INFO FRANCE INTER. La justice étudie la possibilité de retransmettre les grands procès via une web-télé pour les parties civiles

Le tribunal de grande instance de Paris a fait cette proposition au ministère de la Justice pour suivre les débats depuis un ordinateur personnel, révèle mercredi France Inter.

Le ministère de la Justice à Paris (illustration). 
Le ministère de la Justice à Paris (illustration).  (ALEXIS SCIARD / MAXPPP)

La justice française étudie techniquement et juridiquement l’idée d’une sorte de web télé à destination des parties lors de grands procès, comme celui du Mediator ou des attentats de janvier 2015 ou du 13-Novembre, révèle France Inter mercredi 5 décembre. "La justice doit changer de braquet", selon le président du tribunal de grande instance (TGI) de Paris, à l'origine de cette proposition. L’idée est soutenue par la Cour d’appel de Paris.

Connexion sécurisée

Le TGI de Paris a proposé à la Chancellerie de retransmettre en direct des audiences, par le biais d’une connexion vidéo sécurisée réservée aux différentes parties. Ainsi, elles pourraient suivre les débats depuis leur ordinateur personnel. Le président, Jean-Michel Hayat, met en avant cette solution qu’il juge économique et pratique puisque les victimes ont parfois des difficultés à se déplacer.

Le nouveau palais de justice des Batignolles n’est pas dimensionné pour accueillir tous les acteurs de certains grands procès. Par exemple, dans le procès du Mediator, il y a 2 400 parties civiles, victimes du médicament des laboratoires Servier, et près de 300 avocats.

Une autre piste a été étudiée, la possibilité de retransmettre l’audience qui se déroulera à Paris, en vidéo, dans les tribunaux de France. Sauf, que dans la réalité, les palais de justice en région n’ont pas forcément les moyens d'avoir une salle à disposition pour suivre les débats parisiens. Cette proposition semble difficile à appliquer.

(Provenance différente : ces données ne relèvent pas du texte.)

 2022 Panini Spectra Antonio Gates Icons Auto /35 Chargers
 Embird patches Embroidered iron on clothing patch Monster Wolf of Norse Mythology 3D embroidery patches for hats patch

"Répondre de manière innovante aux justiciables"

Lors de la cérémonie d’installation du nouveau procureur de Paris, mardi 4 décembre, le président du TGI a estimé qu’il fallait "répondre de manière adaptée et probablement innovante à l’attente des justiciables dans le traitement des procédures hors normes". "Il nous faut radicalement changer de braquet, pour répondre à l’attente de centaines, voire de milliers de victimes, face à de multiples prévenus qui s’épuisent également dans des procédures sans fin", a-t-il ajouté, devant la ministre de la Justice, Nicole Belloubet.

Les grands procès des attentats en 2015 en France doivent avoir lieu en 2020-2021, avec 1 700 parties civiles. Selon les informations de France Inter, pour des raisons de sécurité, il n'est pas envisageable que ce procès ait lieu hors les murs du palais de justice. 

Le procès du Levothyrox, pour "défaut d’information", qui a débuté lundi 3 décembre avec 4 113 plaignants, se déroule dans une salle de concert, la salle "Double mixte" à Villeurbanne, près de Lyon.